▶ [Problem description] Starting at the line that contains "فستان نوم نسائي", transcribe every remaining line of the data below exactly, and omit all pictures.

══════════════════════════════

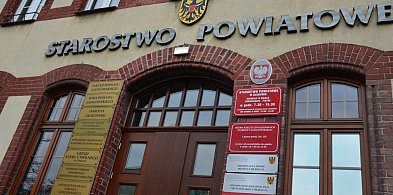Trzeba dołożyć do inwestycji! Starostwo do remontu, ale za większe pieniądze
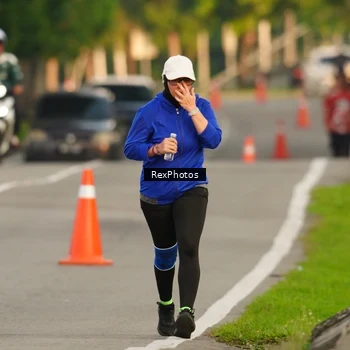 Runner Photo 8006632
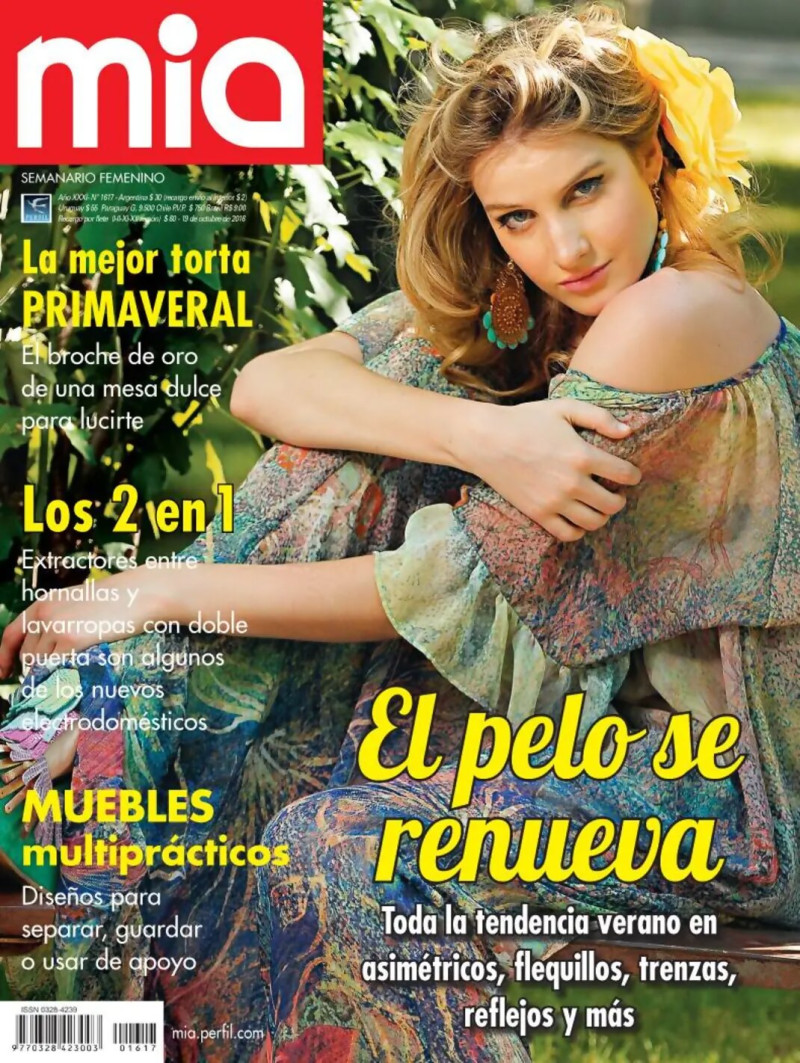  featured on the Mia Argentina cover from October 2016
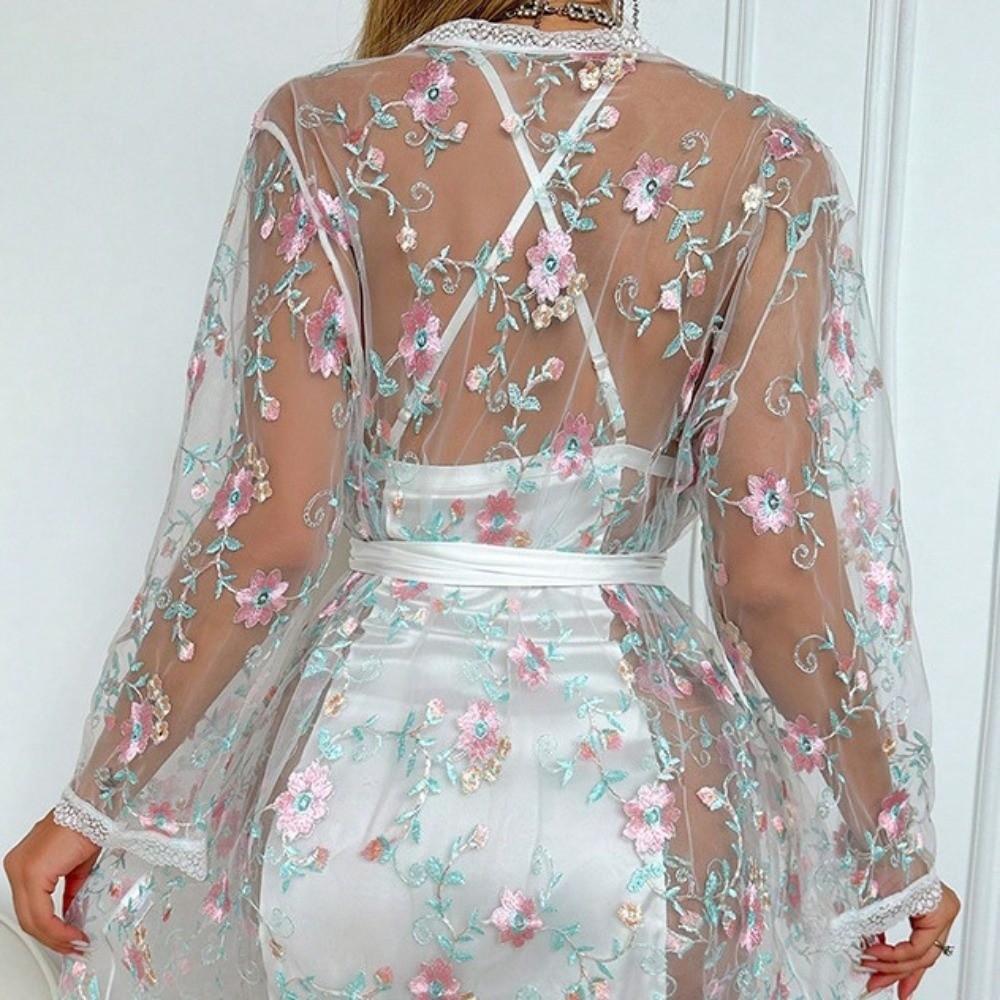 فستان نوم نسائي من الدانتيل ال - مراجعة Embroidery Web وسعره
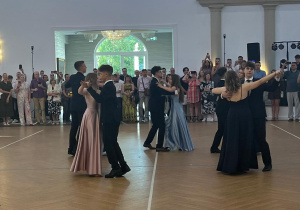 Walc w wykonaniu uczniów klas ósmych podczas balu ósmoklasistów.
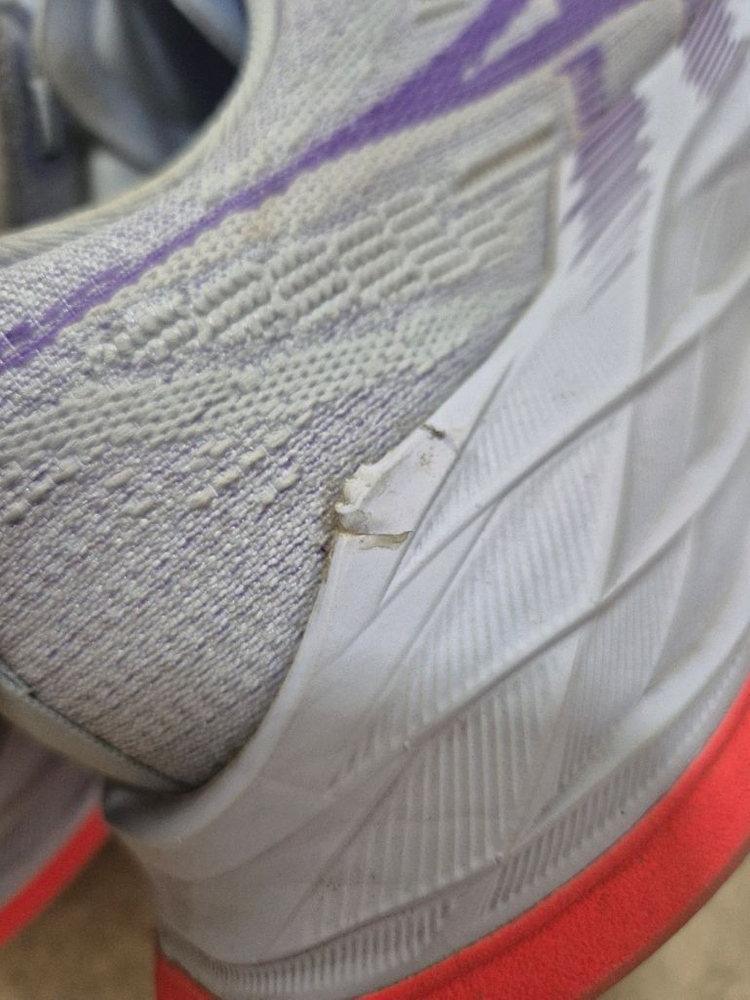 아식스 슈퍼블라스트2 250 이미지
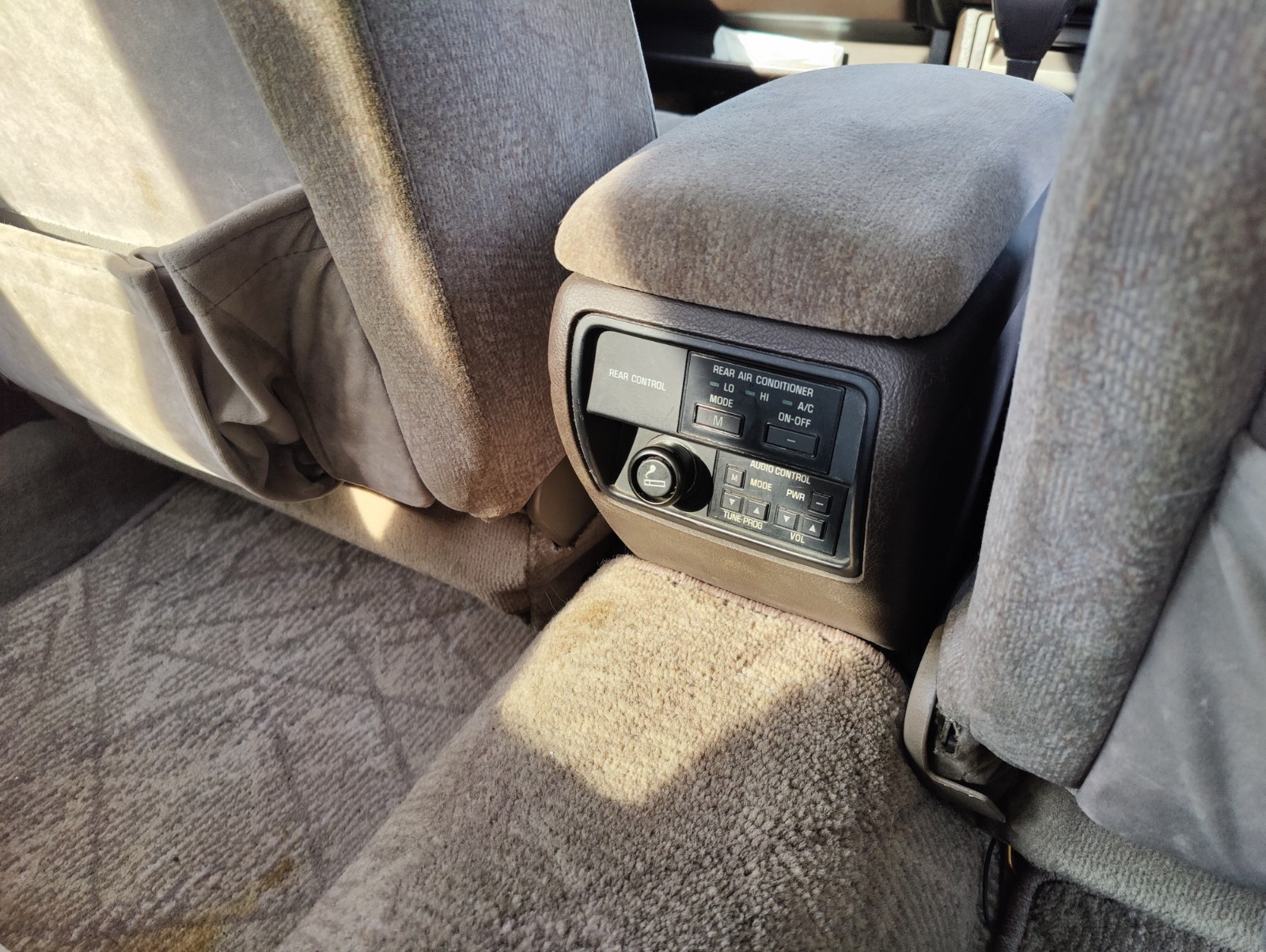 Toyota-Crown-1995-Wagon-11
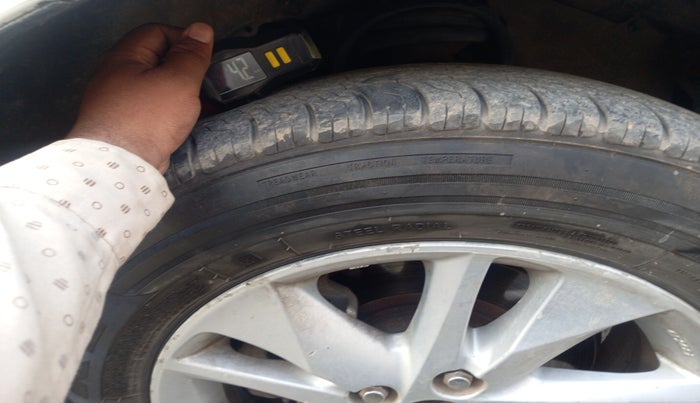 2018 Toyota Innova Crysta 2.4 G 7 STR, Diesel, Manual, 2,04,477 km, tyre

══════════════════════════════

▶ [Exercise response]
 فستان نوم نسائي من الدانتيل ال - مراجعة Embroidery Web وسعره
 Walc w wykonaniu uczniów klas ósmych podczas balu ósmoklasistów.
 아식스 슈퍼블라스트2 250 이미지
 Toyota-Crown-1995-Wagon-11
 2018 Toyota Innova Crysta 2.4 G 7 STR, Diesel, Manual, 2,04,477 km, tyre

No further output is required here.